The Labour leader refused to say on Thursday whether he would keep a commitment by his hard-left predecessor Jeremy Corbyn from the 2019 general election to abolish tuition fees, at a cost of £9.5bn a year.
Starmer’s stance highlighted how he is seeking to draw a line under the Corbyn era through centre-left policies and a commitment to sound public finances.
Labour is about 20 percentage points ahead of the Conservatives in opinion polls, with a general election due within the next two years.
Starmer had promised to stick by the Labour pledge to abolish tuition fees during the 2020 party leadership contest, saying at the time he would “stand by the commitment to end the national scandal of spiralling student debt”.
But on Thursday he refused to say whether he would keep that promise at the next election given Labour’s commitment to “cost everything” that goes into the party’s next election manifesto.
“University tuition fees are not working well, they burden young people going forward,” said Starmer. “Obviously we have got a number of propositions in relation to those fees that we will put forward as we go into the election.
“But I have to be honest about it, the damage that has been done to our economy means that . . . we will cost everything as we go into that election and we will do that with discipline.”

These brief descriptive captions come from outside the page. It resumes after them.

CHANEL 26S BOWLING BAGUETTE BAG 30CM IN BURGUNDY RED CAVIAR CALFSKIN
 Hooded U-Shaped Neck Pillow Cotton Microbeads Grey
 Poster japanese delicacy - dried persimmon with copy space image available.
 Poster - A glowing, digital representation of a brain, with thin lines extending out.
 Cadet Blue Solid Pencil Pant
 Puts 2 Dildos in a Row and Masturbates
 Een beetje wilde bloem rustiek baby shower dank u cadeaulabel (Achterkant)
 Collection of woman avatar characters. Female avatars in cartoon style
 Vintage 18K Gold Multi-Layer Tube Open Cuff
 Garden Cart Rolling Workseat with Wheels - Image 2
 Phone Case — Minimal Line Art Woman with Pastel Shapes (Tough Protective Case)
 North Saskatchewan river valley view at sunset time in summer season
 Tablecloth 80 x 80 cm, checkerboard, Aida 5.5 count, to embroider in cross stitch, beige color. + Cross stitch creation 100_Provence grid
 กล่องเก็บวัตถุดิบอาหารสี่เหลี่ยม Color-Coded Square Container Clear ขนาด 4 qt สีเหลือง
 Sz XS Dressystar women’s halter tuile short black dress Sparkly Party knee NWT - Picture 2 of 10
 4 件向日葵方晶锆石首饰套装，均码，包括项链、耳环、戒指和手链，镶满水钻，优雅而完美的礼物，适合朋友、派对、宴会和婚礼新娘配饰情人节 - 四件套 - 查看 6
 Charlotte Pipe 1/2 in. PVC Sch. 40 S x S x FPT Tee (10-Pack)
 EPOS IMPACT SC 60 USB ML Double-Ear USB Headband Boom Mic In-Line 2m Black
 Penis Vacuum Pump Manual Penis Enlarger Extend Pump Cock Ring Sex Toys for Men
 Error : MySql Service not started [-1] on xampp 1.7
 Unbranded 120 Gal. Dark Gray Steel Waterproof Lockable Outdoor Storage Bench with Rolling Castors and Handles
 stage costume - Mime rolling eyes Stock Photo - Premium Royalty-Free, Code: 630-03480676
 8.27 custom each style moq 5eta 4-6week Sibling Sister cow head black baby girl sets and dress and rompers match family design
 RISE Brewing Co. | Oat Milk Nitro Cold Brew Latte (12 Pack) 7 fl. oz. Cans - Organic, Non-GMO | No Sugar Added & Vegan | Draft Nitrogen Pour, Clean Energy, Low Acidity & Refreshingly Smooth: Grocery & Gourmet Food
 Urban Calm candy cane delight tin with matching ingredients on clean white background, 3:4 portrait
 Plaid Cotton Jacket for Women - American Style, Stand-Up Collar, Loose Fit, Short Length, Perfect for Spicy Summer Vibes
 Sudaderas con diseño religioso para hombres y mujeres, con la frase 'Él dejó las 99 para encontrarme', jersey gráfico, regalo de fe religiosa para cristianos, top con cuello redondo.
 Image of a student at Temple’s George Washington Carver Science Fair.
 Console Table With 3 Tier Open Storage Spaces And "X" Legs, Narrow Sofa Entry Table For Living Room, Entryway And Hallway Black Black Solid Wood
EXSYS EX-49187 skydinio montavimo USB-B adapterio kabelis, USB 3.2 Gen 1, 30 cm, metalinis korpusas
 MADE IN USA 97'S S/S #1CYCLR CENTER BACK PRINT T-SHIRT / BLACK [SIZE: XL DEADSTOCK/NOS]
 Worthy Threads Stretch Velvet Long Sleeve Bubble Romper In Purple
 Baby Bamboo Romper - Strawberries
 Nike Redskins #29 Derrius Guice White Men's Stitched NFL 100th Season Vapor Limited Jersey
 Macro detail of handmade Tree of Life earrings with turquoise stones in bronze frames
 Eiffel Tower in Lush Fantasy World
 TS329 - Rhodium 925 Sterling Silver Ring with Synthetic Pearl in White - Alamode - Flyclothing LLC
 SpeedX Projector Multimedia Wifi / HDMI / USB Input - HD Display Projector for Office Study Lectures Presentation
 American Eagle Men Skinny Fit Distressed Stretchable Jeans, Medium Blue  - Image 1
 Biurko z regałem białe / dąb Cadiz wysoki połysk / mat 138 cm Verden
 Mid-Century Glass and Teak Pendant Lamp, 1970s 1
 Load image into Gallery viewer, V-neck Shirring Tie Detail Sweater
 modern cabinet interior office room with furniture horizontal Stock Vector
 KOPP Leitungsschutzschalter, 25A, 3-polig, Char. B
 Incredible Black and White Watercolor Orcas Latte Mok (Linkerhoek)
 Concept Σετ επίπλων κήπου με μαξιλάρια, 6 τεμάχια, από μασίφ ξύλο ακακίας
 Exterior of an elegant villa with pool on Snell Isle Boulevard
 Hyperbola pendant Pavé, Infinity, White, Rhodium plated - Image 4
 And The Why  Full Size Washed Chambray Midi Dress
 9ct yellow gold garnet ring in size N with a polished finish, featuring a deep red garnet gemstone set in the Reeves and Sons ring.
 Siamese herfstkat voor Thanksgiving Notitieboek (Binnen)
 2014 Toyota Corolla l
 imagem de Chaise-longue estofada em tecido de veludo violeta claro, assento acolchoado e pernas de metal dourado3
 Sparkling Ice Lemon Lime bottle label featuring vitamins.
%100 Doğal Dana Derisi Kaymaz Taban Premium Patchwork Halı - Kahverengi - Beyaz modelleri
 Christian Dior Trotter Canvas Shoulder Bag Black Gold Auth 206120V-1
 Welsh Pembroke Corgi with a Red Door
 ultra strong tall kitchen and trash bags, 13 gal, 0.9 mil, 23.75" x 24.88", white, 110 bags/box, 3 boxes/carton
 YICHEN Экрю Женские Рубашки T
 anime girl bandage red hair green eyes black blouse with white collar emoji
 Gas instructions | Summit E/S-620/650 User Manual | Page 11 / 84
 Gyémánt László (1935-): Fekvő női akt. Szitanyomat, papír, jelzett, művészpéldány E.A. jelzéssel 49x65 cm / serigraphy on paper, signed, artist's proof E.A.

Starmer’s comments came after a new year speech in which he emphasised that a Labour government would not use a “big government cheque book” to solve Britain’s problems, including stretched public services.
“We won’t be able to spend our way out of their mess,” he said. “It’s not as simple as that.”
Meanwhile, he promised to prioritise legislation known as a “take back control bill” in the first year of a Labour government, to devolve power away from Westminster to elected mayors and local councils in England.
Starmer noted that “take back control” had been the successful slogan from the pro-Brexit campaign group Vote Leave in the 2016 EU referendum.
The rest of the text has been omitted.